著者:今野敏(こんのびん)1955年北海道生まれ。
出版:新潮社 (2010/1/28)
受賞:山本周五郎賞・日本推理作家協会賞
あらすじ:
長男の不祥事により所轄へ左遷された竜崎伸也警視長は、着任早々、立てこもり事件に直面する。容疑者は拳銃を所持。事態の打開策をめぐり、現場に派遣されたSITとSATが対立する。異例ながら、彼は自ら指揮を執った。そして、この事案は解決したはずだったが―。警視庁第二方面大森署署長・竜崎の新たな闘いが始まる。
(「BOOK」データベースより)
前回、息子の不祥事で異動となった竜崎ですが、またしても厄介な事件に巻き込まれます。ただ、彼には「原理原則を貫く」という信念があります。合理性を武器に困難にも立ち向かっていきます。
合理を優先する
こうして署長室に小規模な指揮本部を設けたほうが効率がいい。
「原理原則を大切にすることだ。上の者の顔色をうかがうことが大切なんじゃない」
「小田切首席監察官は、かなり厳しい態度で臨む方針らしいです」
「そうあるべきだ」
竜崎はいつも上記のような対応をします。
1番目は事件が起こった時の通例ではない対処をした際。
2番目はそのままですが、これを実践できる人は、特に日本人には少ないのではないでしょうか。出世のためには上司の評価は不可欠です。そのために「顔色を伺う」ことをしてしまう。
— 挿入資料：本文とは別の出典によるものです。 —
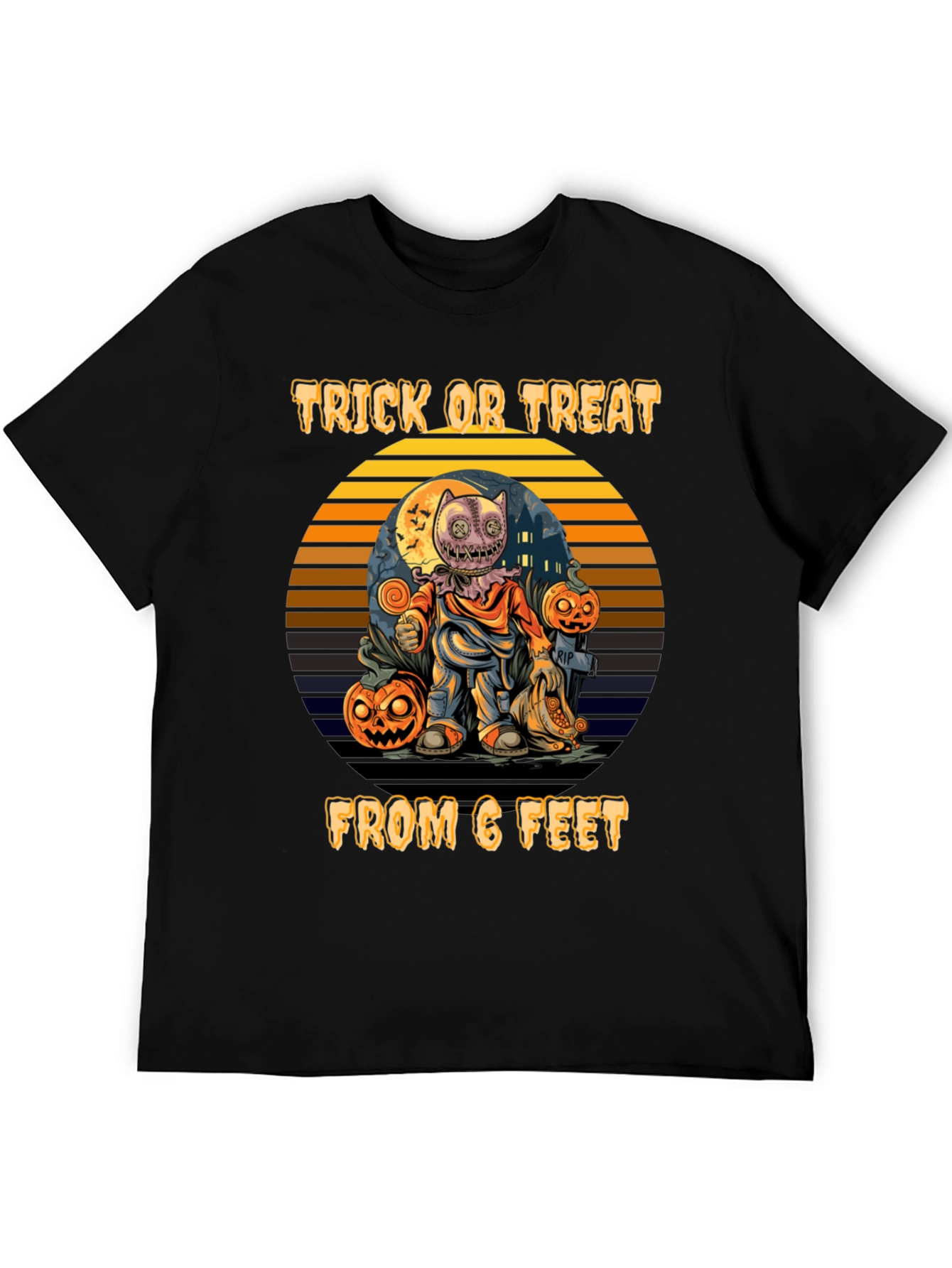 Trick or Treat From 6 Feet Halloween T-Shirt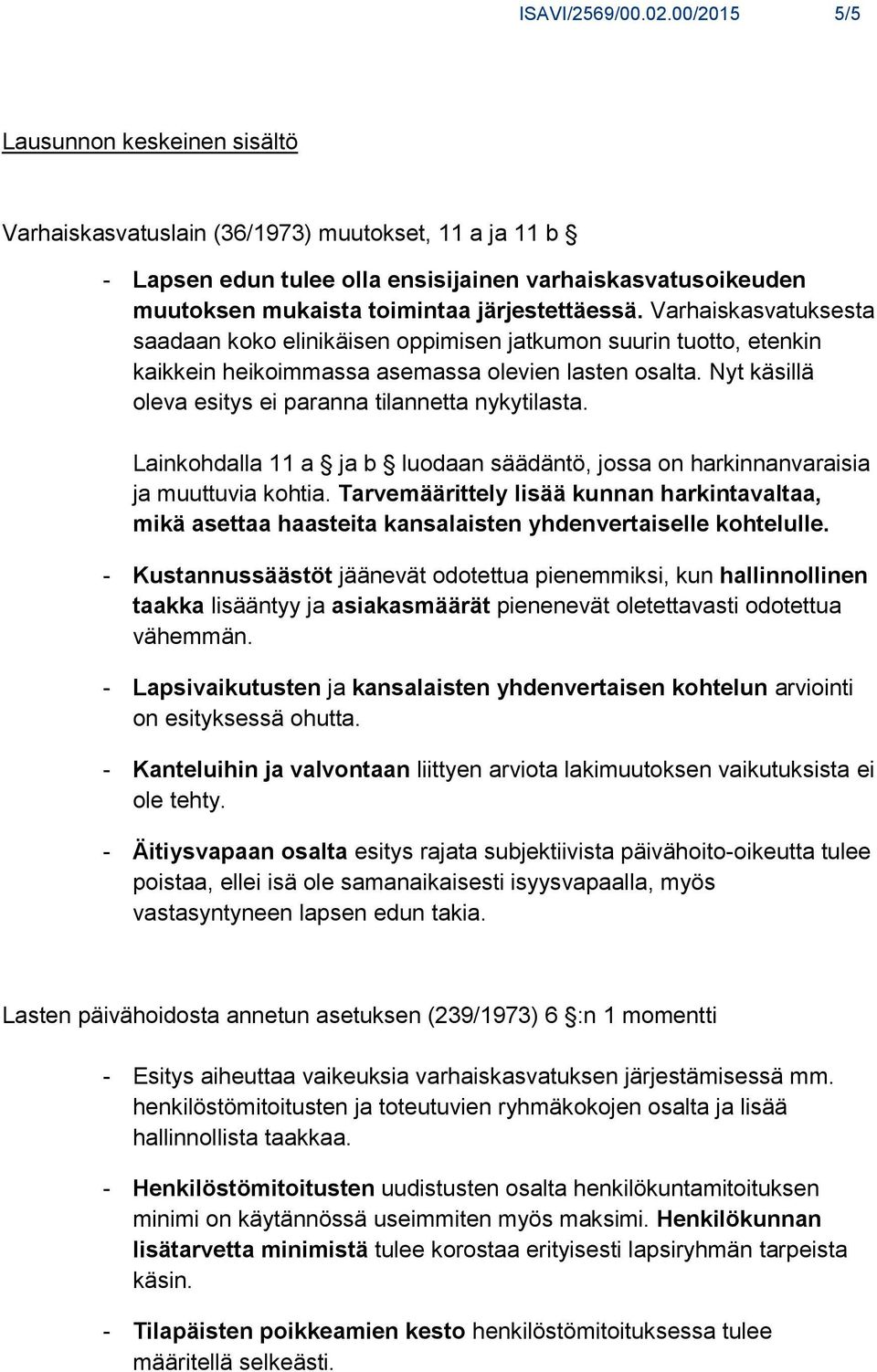 järjestettäessä. Varhaiskasvatuksesta saadaan koko elinikäisen oppimisen jatkumon suurin tuotto, etenkin kaikkein heikoimmassa asemassa olevien lasten osalta.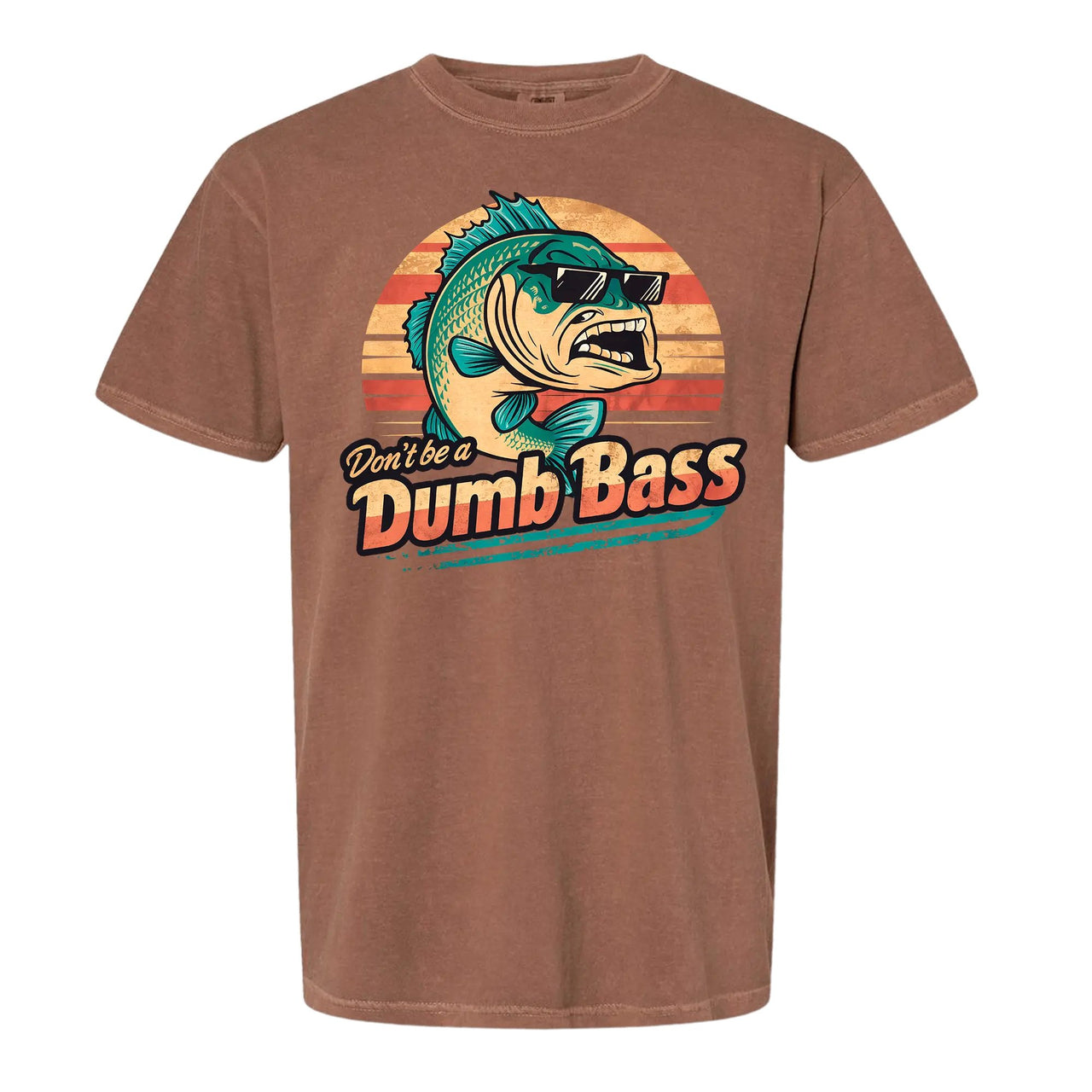 Don't Be a Dumb Bass Unisex T-shirt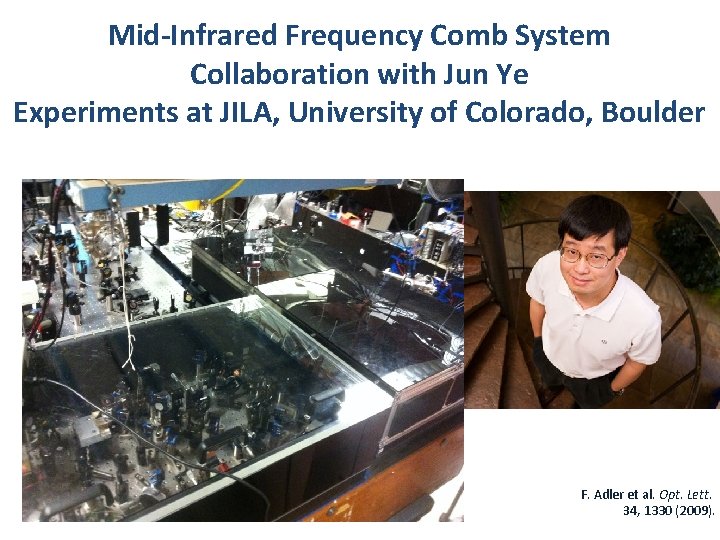 Mid-Infrared Frequency Comb System Collaboration with Jun Ye Experiments at JILA, University of Colorado,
3番目は自身が断罪されるかもしれない、そんな状況下で発せられたセリフです。「悪いことはしていない」という自信もあるでしょう。ただそれだけではなく、例え自分に処罰が下るとしても、下す側の人間には合理性・整合性を求めています。
合理性の追求は現代日本において非常に重要です。しかし、竜崎のように振舞える人がどれほどいるでしょうか。振舞えないからこそ、このような姿勢は見習うべきであると考えます。
自分の気持ちを整理する
「俺は、いつも揺れ動いているよ。ただ、迷ったときに、原則を大切にしようと努力しているだけだ」
何か信じられるものがあれば、そのために戦うのだ。
守りたい何者かがいるなら、そのために戦えばいいのだ。
竜崎の合理性については再三述べてきた通りです。
しかしその実、竜崎も悩むことやどうしたら良いかと思案することもあります。ただ、そんな時にも理性を忘れず、自身の信念を貫こうという姿勢が見て取れます。
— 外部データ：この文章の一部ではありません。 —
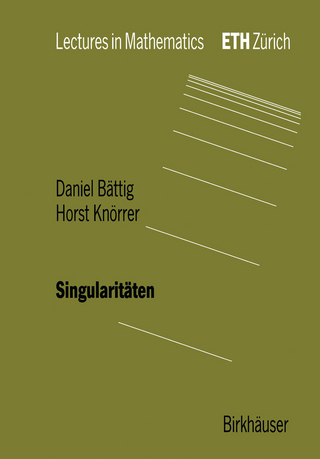 Singularitäten - Daniel Bättig; Horst Knörrer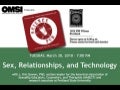OMSI Science Pub - Sex, Relationships, and Technology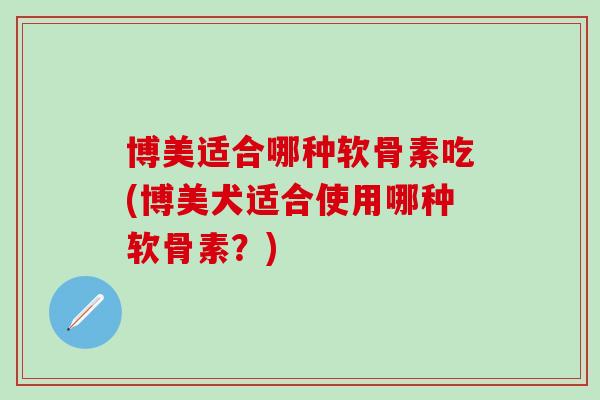 博美适合哪种软骨素吃(博美犬适合使用哪种软骨素？)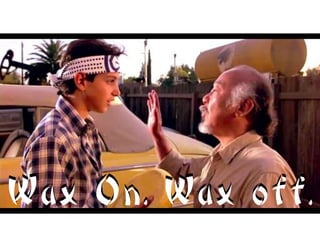 Wax On. Wax off.Wax On. Wax off.
 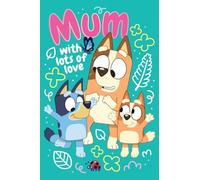 Carte d'anniversaire Bluey avec beaucoup d'amour pour maman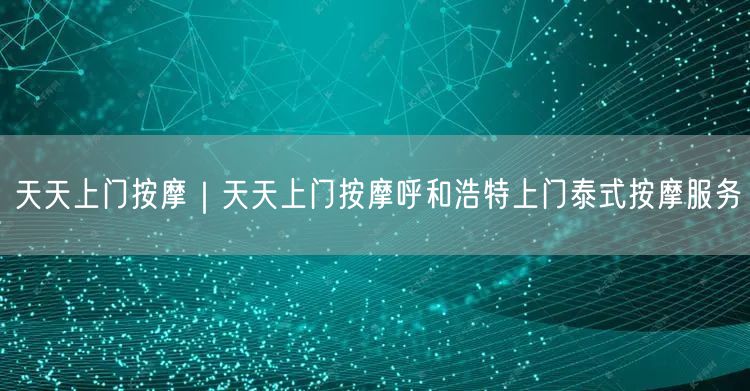 天天上门按摩｜天天上门按摩呼和浩特上门泰式按摩服务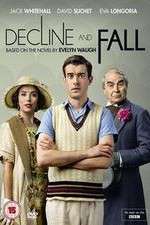 Watch Decline and Fall Niter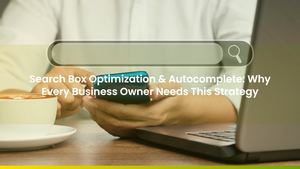 Search Box Optimization & Autocomplete: Why Every Business Owner Needs This Strategy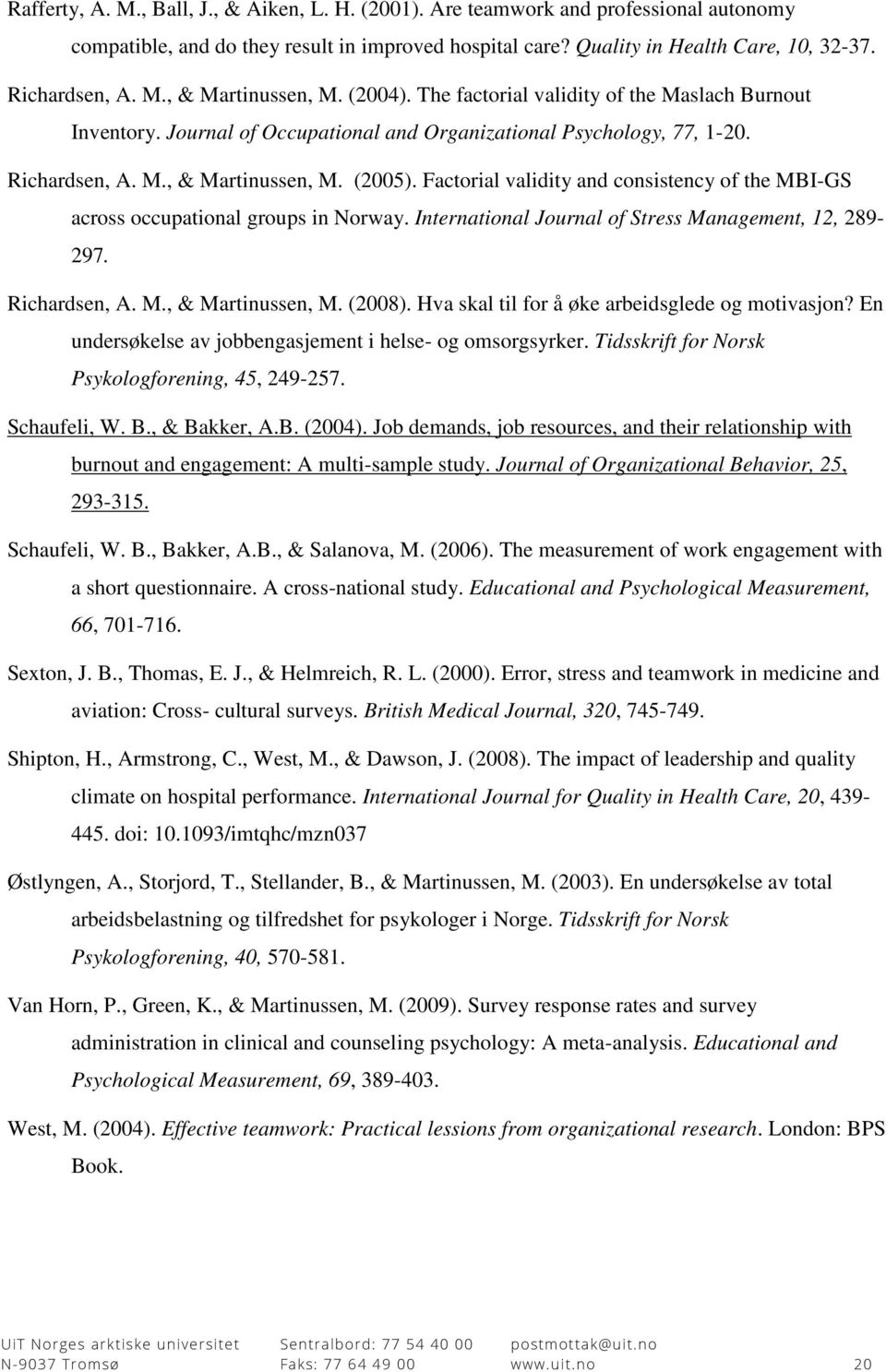 Factorial validity and consistency of the MBI-GS across occupational groups in Norway. International Journal of Stress Management, 12, 289-297. Richardsen, A. M., & Martinussen, M. (2008).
「フィクションの中のヒーロー」は多く存在します。竜崎の魅力は我々と同様に迷い悩みながら、それらをヒョイと乗り越えてしまうのではなく「努力」で乗り越えようとしている、そんな人間性にあるようにも思えます。
支えてくれる人の姿勢
「人は命令だけでは動きません。われわれは日常をともにし、信頼しあう関係でなければなりません」
「考慮に値する意見だ。考えておく」
物語も終盤、ついに犯人を追い詰めようかというタイミングで竜崎は副署長から上記のセリフをかけられます。
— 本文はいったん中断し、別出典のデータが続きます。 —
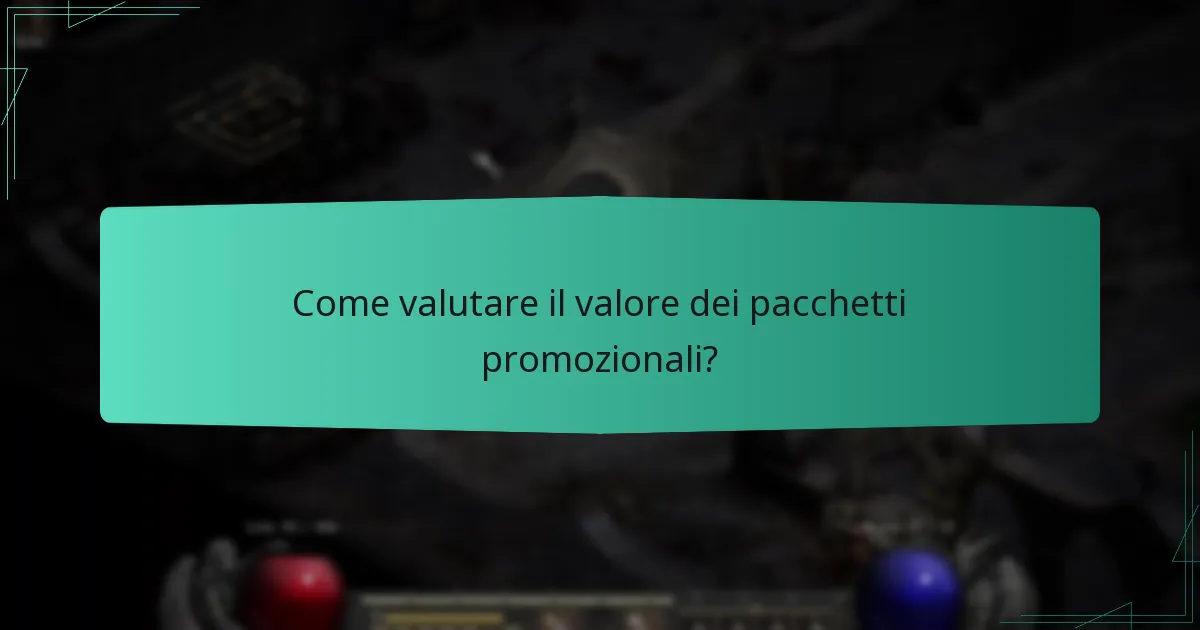 Come valutare il valore dei pacchetti promozionali?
竜崎は大森署署長という、いわば「一国一城の主」のような存在です。そして警察組織は上意下達が原則。つまり、上席の言うことは「絶対」なのです。
会社組織でも、そういった企業は多いのではないでしょうか。しかし人は機械ではありません。正論では人は動かないのです。「この人のためならば」そういう気持ちが動くからこそ、人は行動を起こすのです。
竜崎は人間らしい感情を積極的に排しようとしているように感じます。しかし大森署に配属されて以来『人間』を獲得していっているような、そんな成長を感じさせてくれます。
この他、竜崎の奥さん(実は結婚しています)の姿勢も非常に素晴らしいものがあります。この作品は是非、ご自身でお目通しいただきたいです。
最後までお読みいただき、ありがとうございました。